Roman Emperor Holding the Whole World in his Hand
Roman Emperor Holding the Whole World in his Hand

In fact, globalism was an integral part of Roman politics and theology and contributed to the Roman State’s hostility and aspersions toward the church’s geopolitical Jesus.  Buddhist “missionaries” had come to the Mediterranean before the time of nascent Christianity.

There exists a Greek navigation guide from the mid-first century AD, Periplus of the Erythraean Sea, that demonstrates Roman sea trade into sub-Saharan Africa as far south as Tanzania and as far east as Sri Lanka and eastern India.  In addition, the very presence of silk garments in the Roman world testified to the existence of China and the famous Silk Route, since it was not until centuries later, when China lost its monopoly on silk, that the West could produce its own silk.

When Dr. James Allan Francis, a Baptist minister, presented his essay (eventually) called One Solitary Life, he could not have known that it would become a Christmas classic.  Nor did later believers realize the profound accuracy and significance of his words,

He never went to college.

He never put his foot inside a big city.

He never traveled two hundred miles from the place where he was born.

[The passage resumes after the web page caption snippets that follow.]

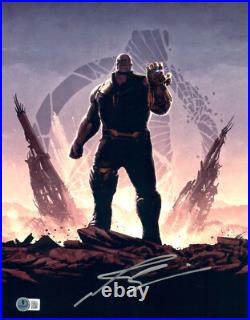 Thanos Josh Brolin Signed Autograph Infinity War 11X14 Photo Avengers Beckett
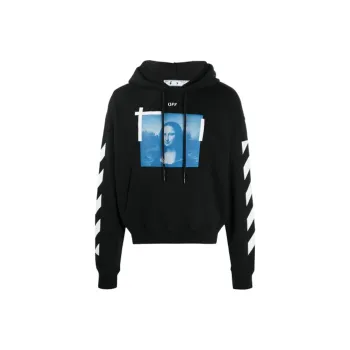 OFF WHITE Mona Lisa Photograph Hoodie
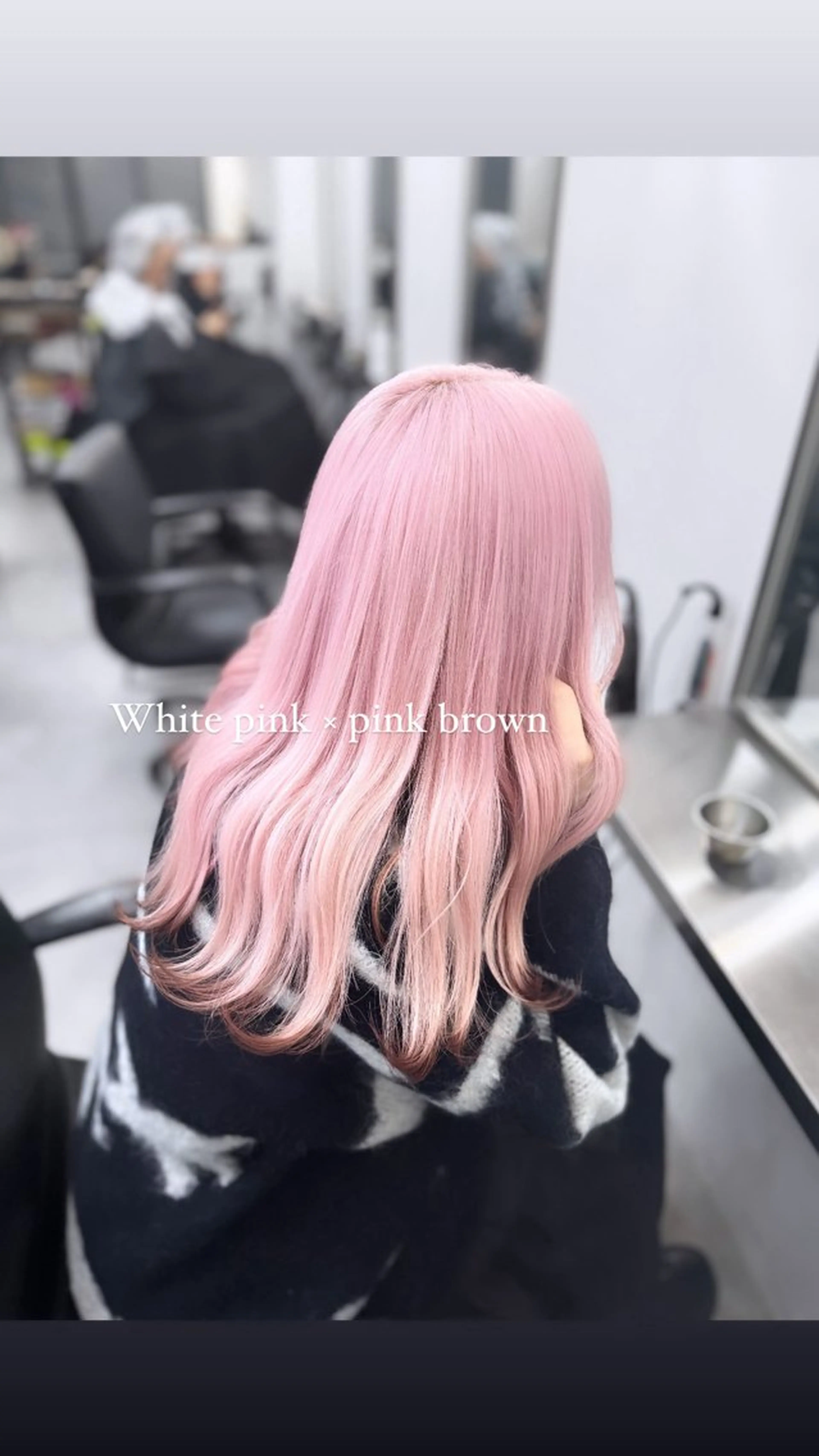 ミディアム カラー ピンクカラー ヘアカラー トリートメント asumi/栄/ハイ トーン/ブリーチ/のヘアスタイル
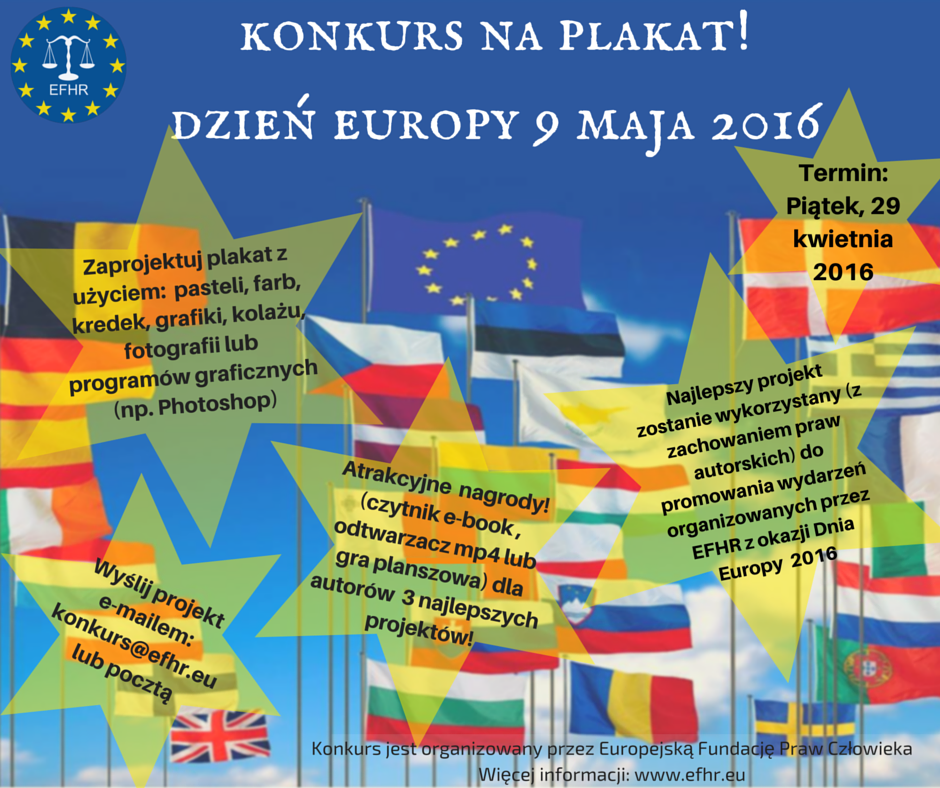 Dzień Europy Konkurs na plakat — EUROPEJSKA FUNDACJA PRAW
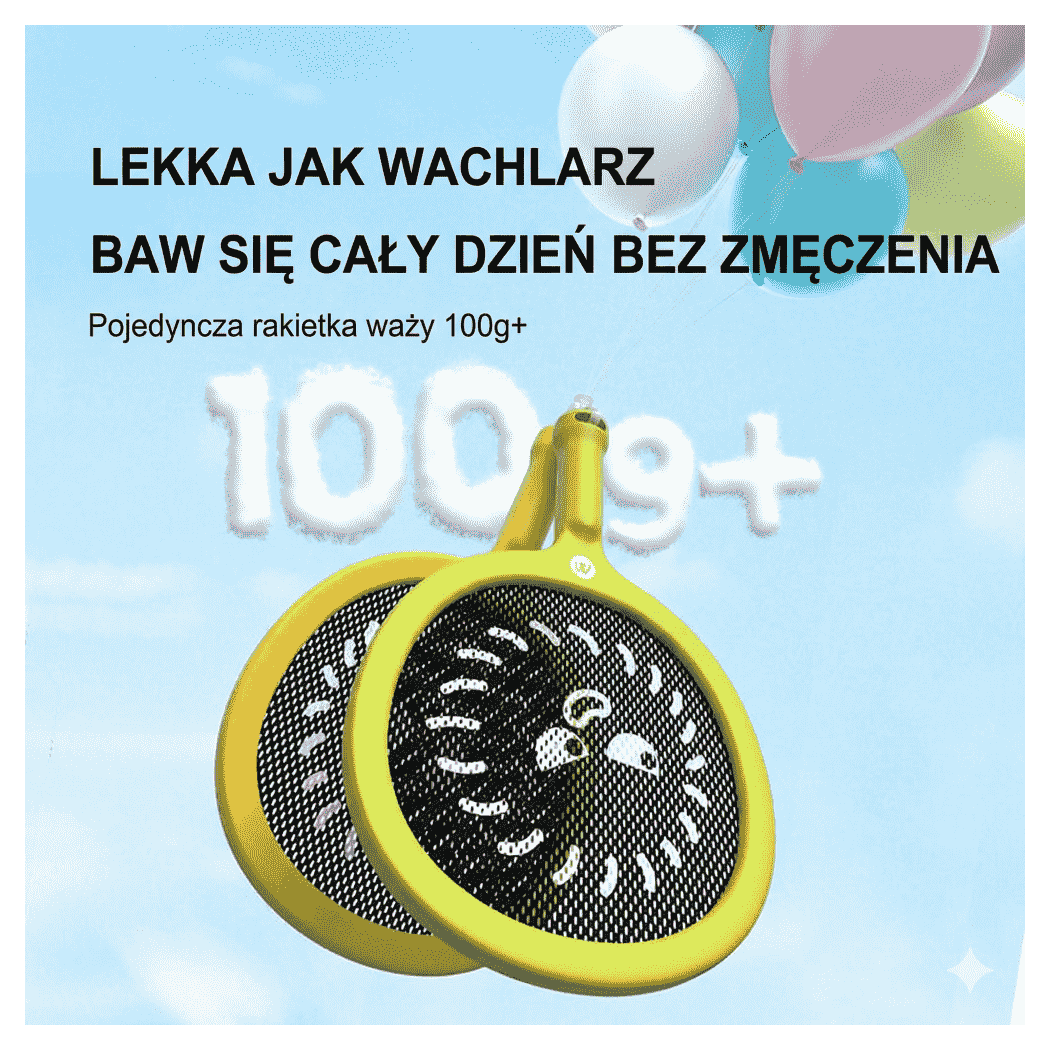 Rakietki dla Dzieci - Paletki Ogrodowe Siateczkowe - Dwie Piłki - Mideer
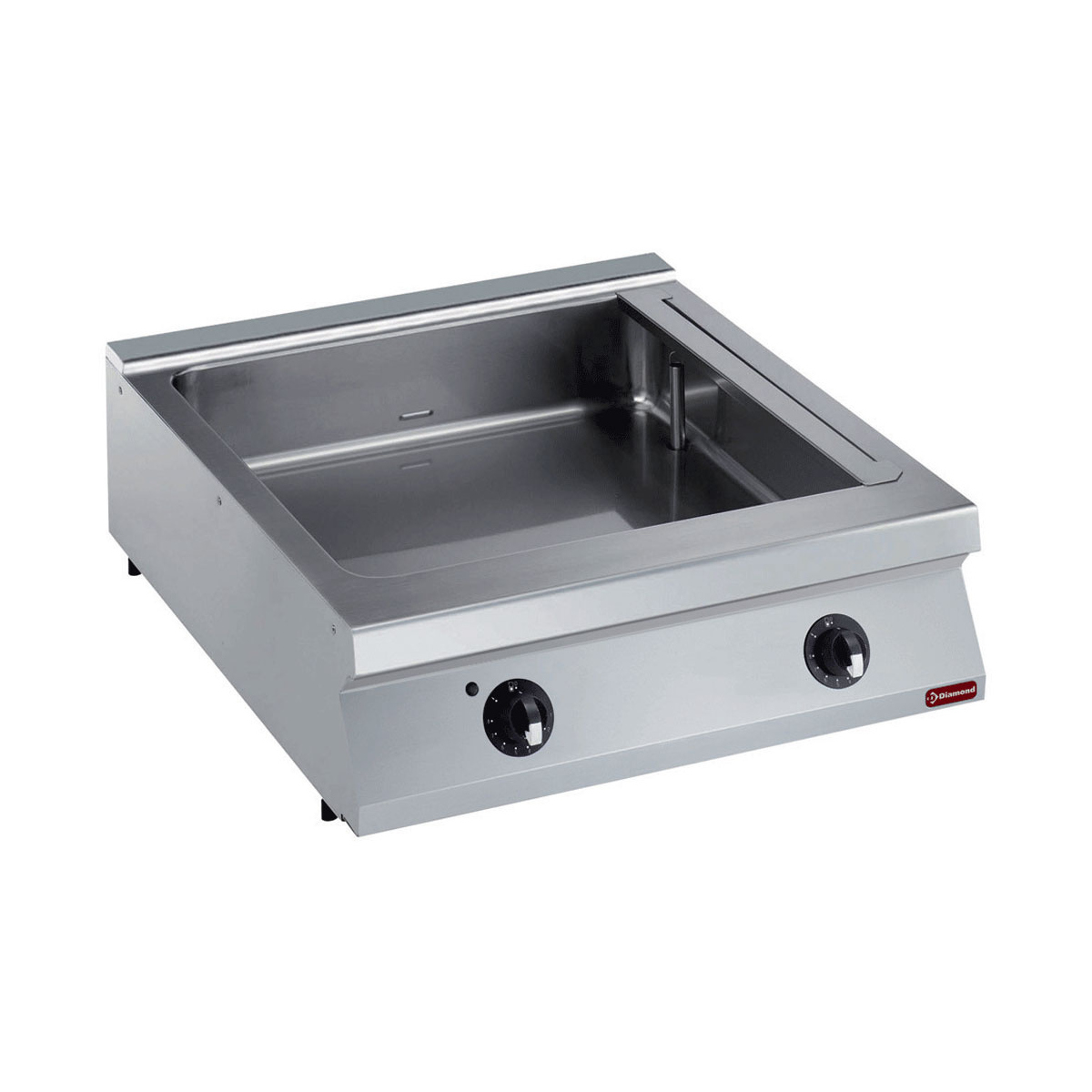image elektrisch bain-marie, 8 gn 1/3 h150 mm -top- 0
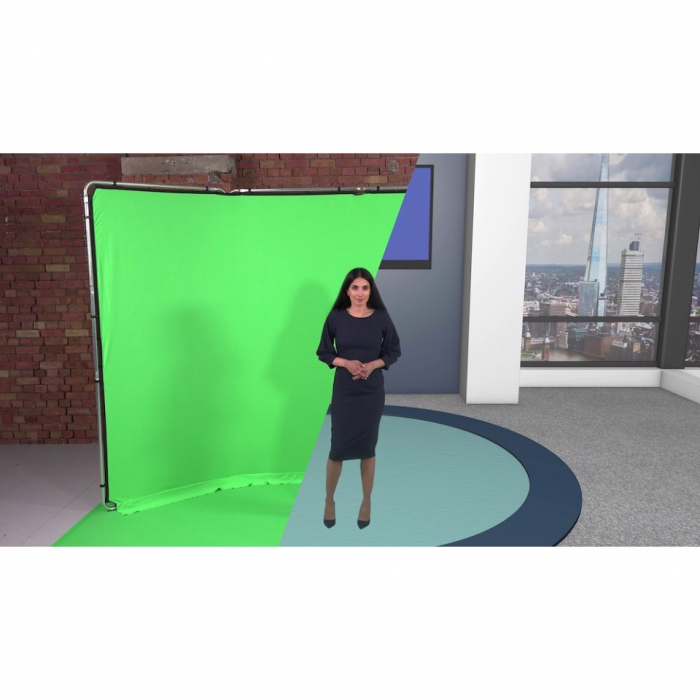 Fundal de podea din vinil 1,37m x 4m Chroma Key Green [8]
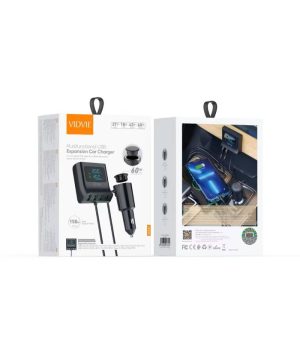 شارژر فندکی چند پورت ویدوی مدل CC527 Car Charger HUB - تصویر 2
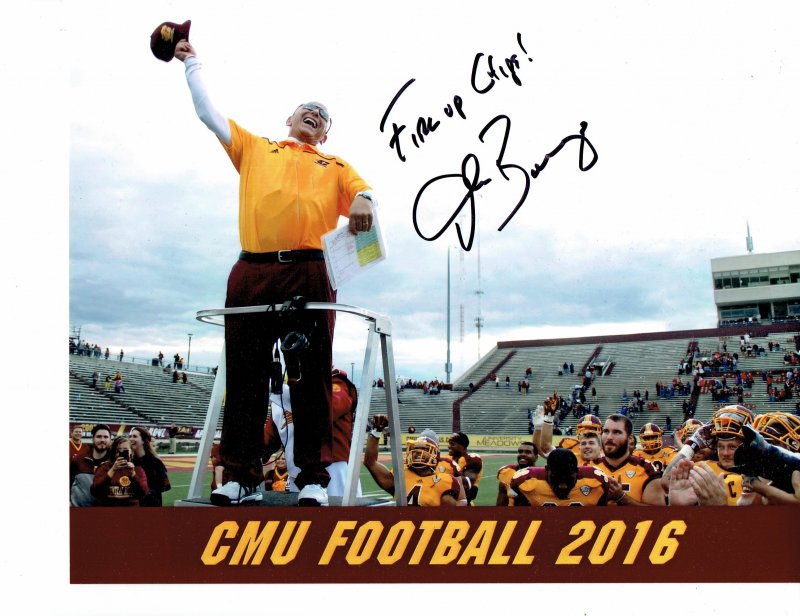 John Bonamego‎ Autographed 8x10 Photo Signed CMU Head Coach Central Michigan U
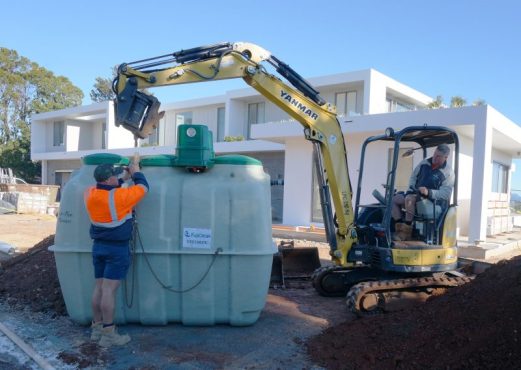 True Water install a Fuji Clean onsite wastewater system for a home in Byron Bay under the authority of the local council.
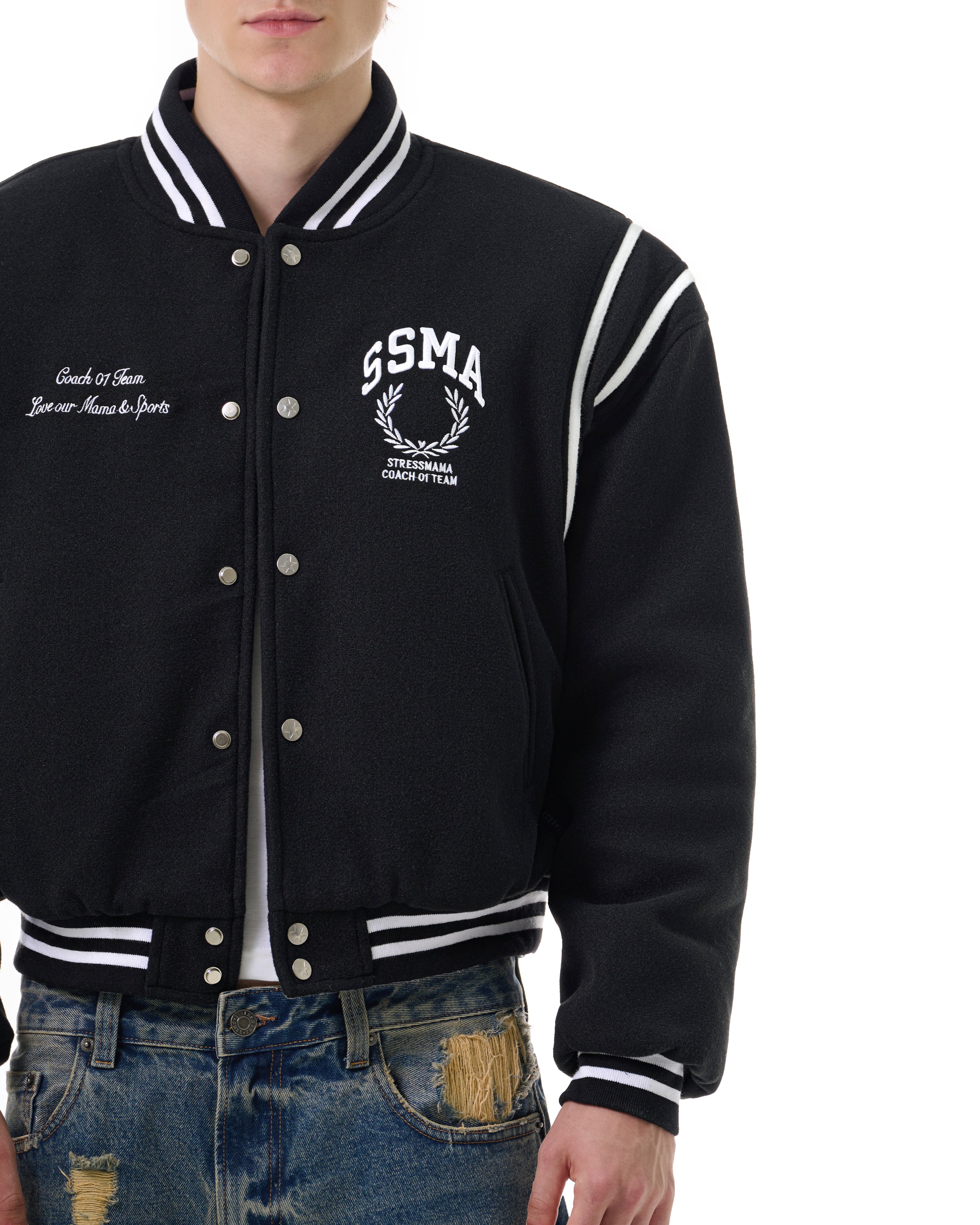 FW25 VARSITY JACKET - BLACK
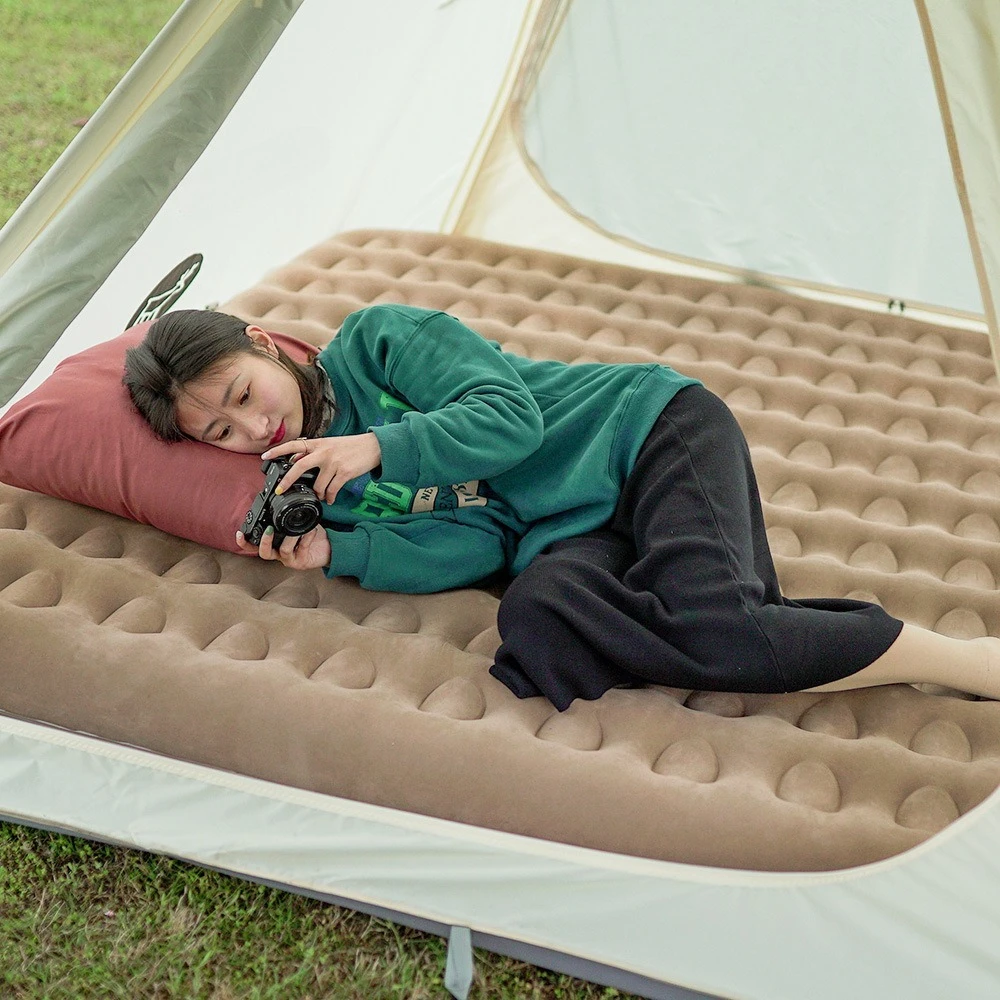 블랙 디어 야외 에어 베드 가정용 바닥 침대 두꺼운 휴대용 내장형 에어 펌프 캠핑 텐트 에어 매트리스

Map of Periplus of the Erythraean Sea, Wikimedia Commons

Jesus’ provincial travel resume of “he never traveled two hundred miles from the place where he was born” stands in stark contrast to Paul and his co-workers, the itinerant Jewish exorcists of Acts 19, the tens of thousands of pagans and Jews who sailed in and out of the Herodian port at Caesarea, the first century AD, Lycus Valley merchant, Titus 
Flavius Zeuxis who made 72 journeys from his hometown of Hierapolis to Rome on business (according to his epitaph preserved in Hierapolis).

Had it been within the purview of Jesus’ divine calling to reach out to pagan sinners, it would have been relatively easy for him to travel the less than 30 miles from Nazareth to the major port city of Caesarea Maritima and to catch one of the many ships that would take him to Alexandria, Corinth, Ephesus, Athens, or Rome.  What God did through Jesus to ignite the fuse of the Abrahamic Great Commission (Gen. 12:1-3) apparently required that Jesus not wander too far from home, which meant Christ, unlike Paul and virtually all Diaspora Jews, had little opportunity to mix and mingle with those who represented the seamy underbelly of pagan life and idolatry.

It is the uniform theological outlook of the New Testament that Jesus did exactly what he was supposed to do by his ministry primarily among the Jews in the Land of Promise and that the church did exactly what it was supposed to do by both declaring a divine globalism and living in a way that was commensurate with its declaration.  It is certainly significant for us that neither the Gospels, nor Acts, nor Paul, etc. see a need, either doctrinally or missionally. to re-locate Jesus in the world of the Diaspora.  If all of the canonical writers were at peace in confronting their own world of paganism with a Christ that never rubbed shoulders with true paganism, then, perhaps we could also.

6 thoughts on “A Remix of TobyMac and Luke’s and John’s Churchy Jesus

  1. And this calls for us to call our people to be faithful where they are, a bloom-where-you-are-planted approach. Missions is a wonderful calling, but it can be done anywhere, domestic or foreign. We’re all called to mission, some here, some there. These last two posts have been quite insightful. Thanks.

    1. Terrell,

      Sometimes the “folks in the pew” don’t see how historical studies can help their view of things in the Bible; sometimes they are not given examples so that they can see this. Probably all of us need to do a better job on this important issue. Thanks for continuing to visit the blog!